EXERCISE:
Repeat the data verbatim, images excluded.

INFORMATION SHOWN:
--- START ---

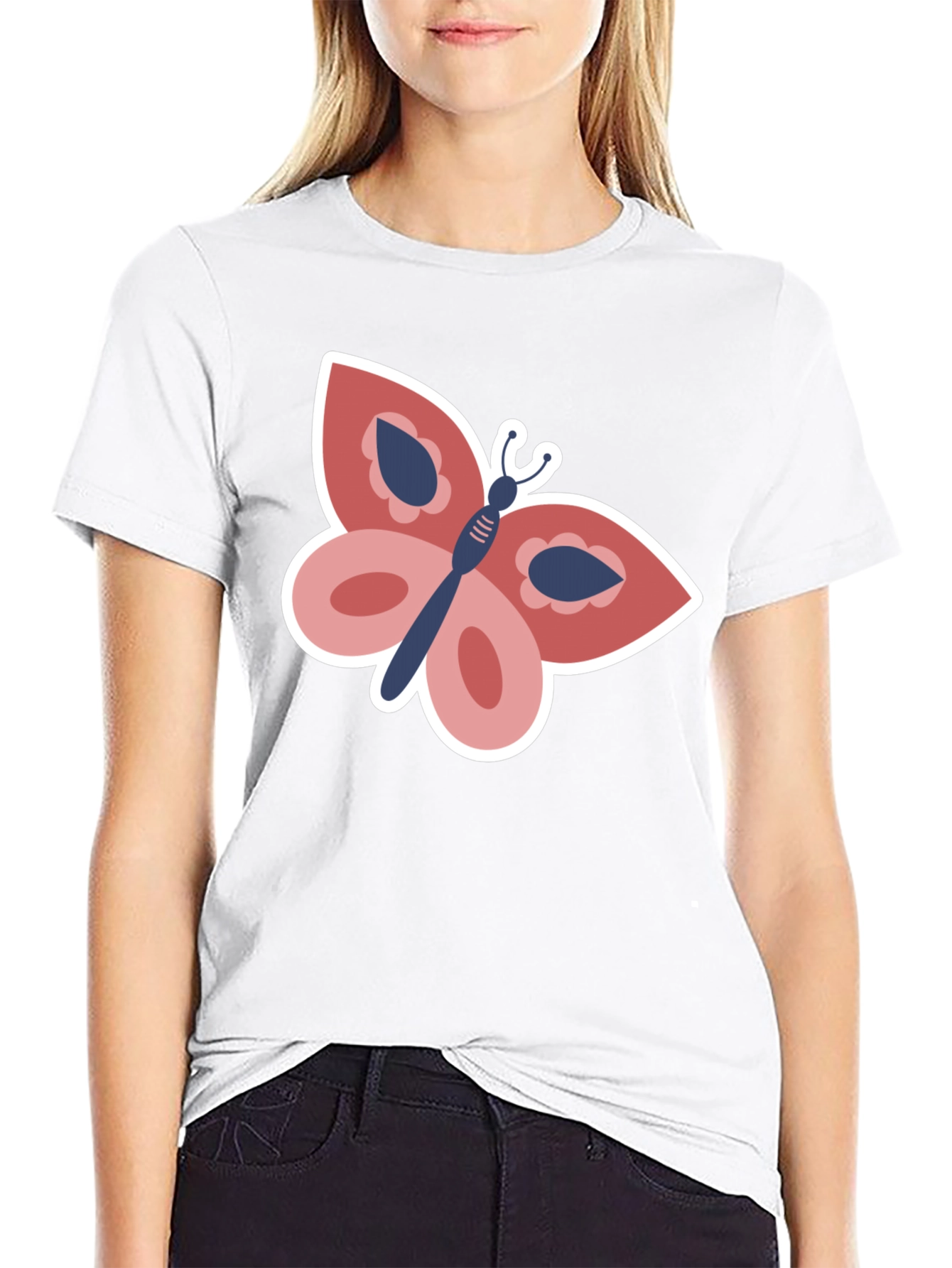 Butterfly Graphic Tee - Stylish Black T-Shirt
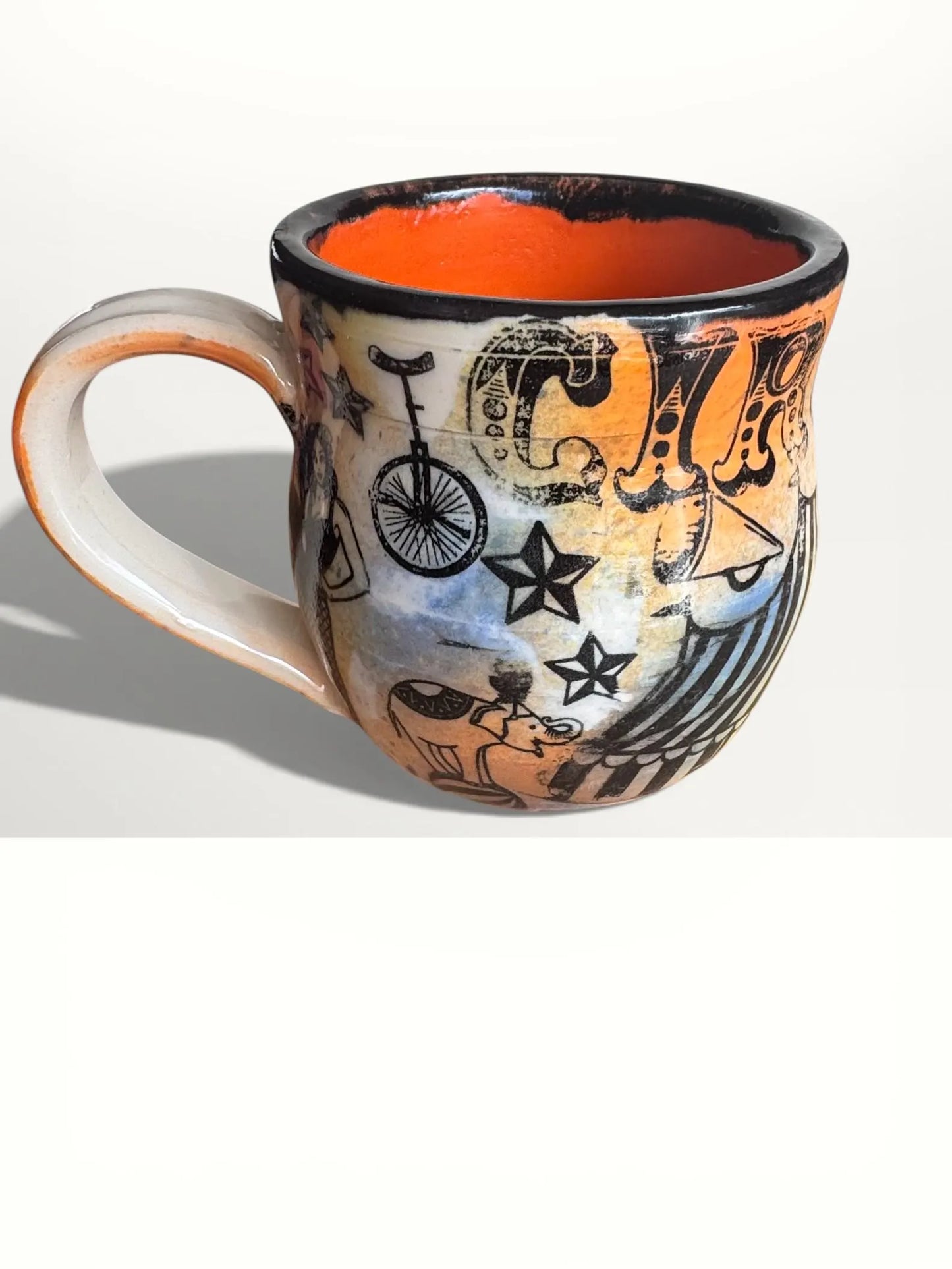Vintage Circus Mug | 12 oz Hand-Painted Stoneware | Carnival Tattoo Style Pottery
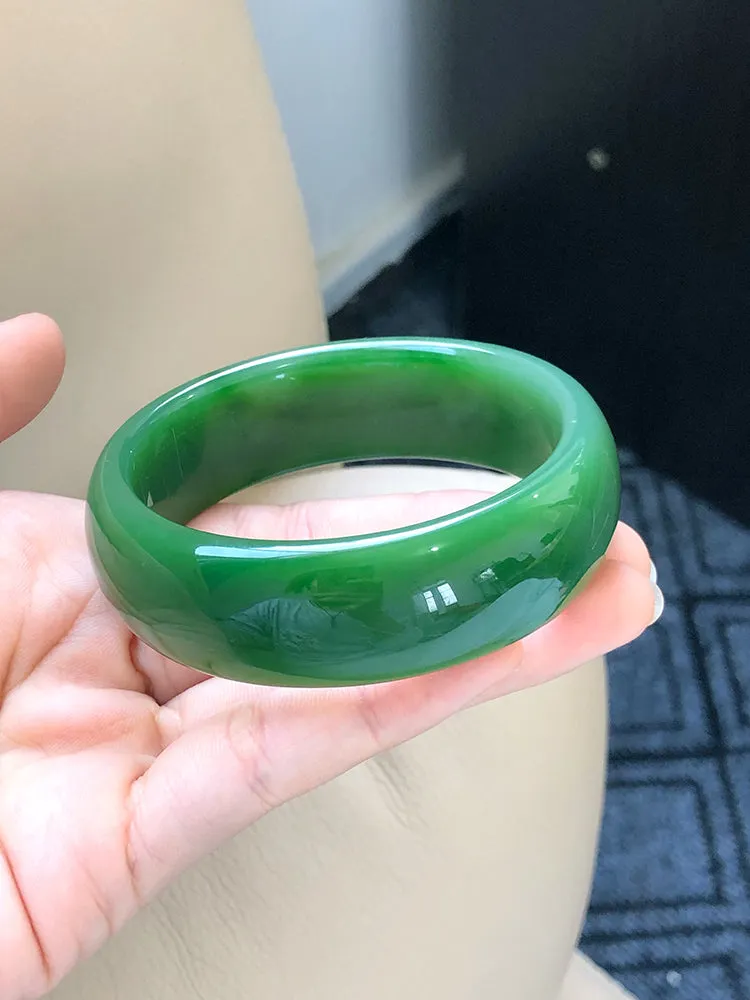 Natural Jade Bangle Nephrite Bangle Internal Diameter 59.3mm NBE001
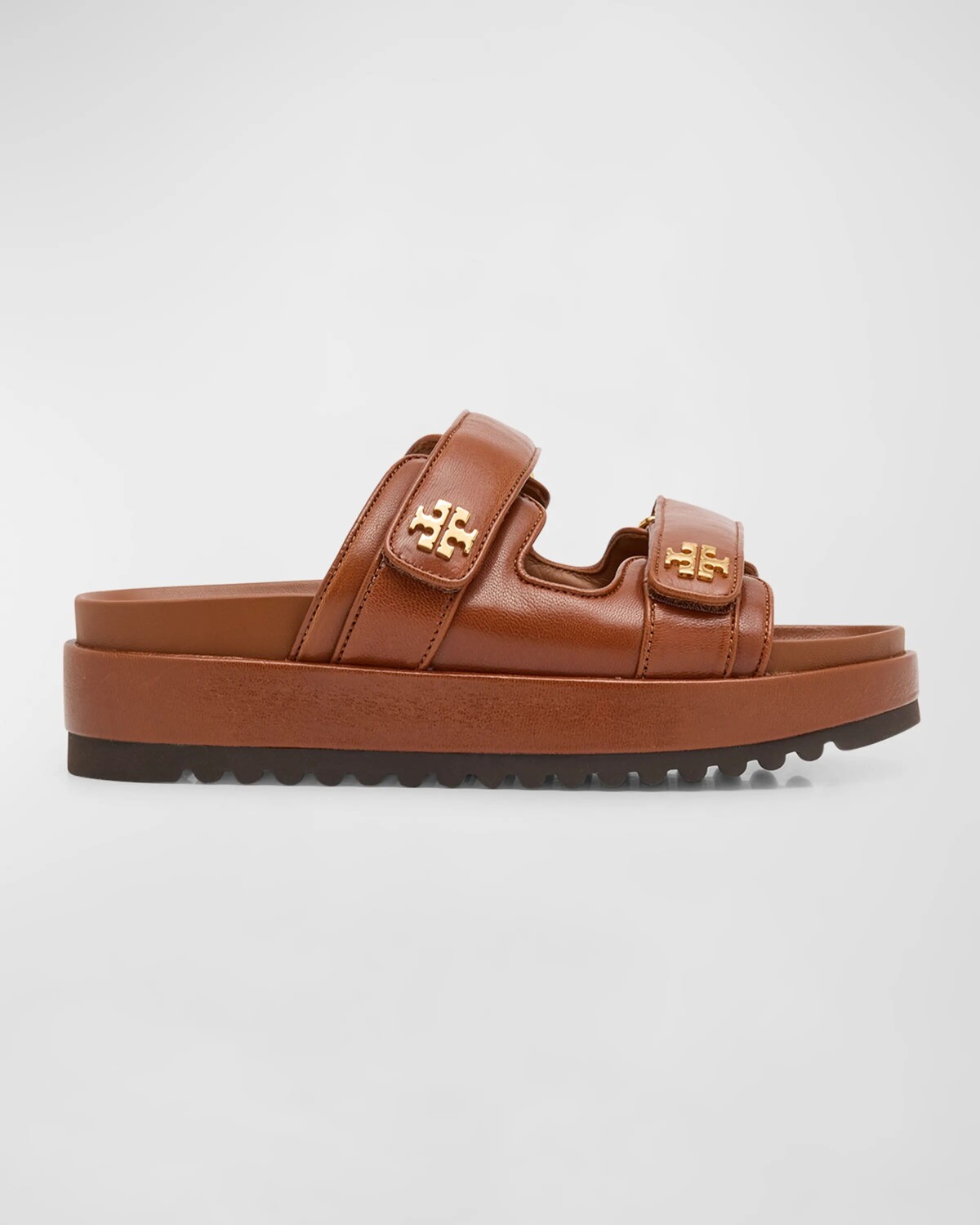 

Кожаные спортивные сандалии-мюли с двумя ремешками Kira Tory Burch, цвет Sierra Cognac/Gold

--- END ---

SOLVED PROBLEM:
 Butterfly Graphic Tee - Stylish Black T-Shirt
Vintage Circus Mug | 12 oz Hand-Painted Stoneware | Carnival Tattoo Style Pottery
 Natural Jade Bangle Nephrite Bangle Internal Diameter 59.3mm NBE001

Кожаные спортивные сандалии-мюли с двумя ремешками Kira Tory Burch, цвет Sierra Cognac/Gold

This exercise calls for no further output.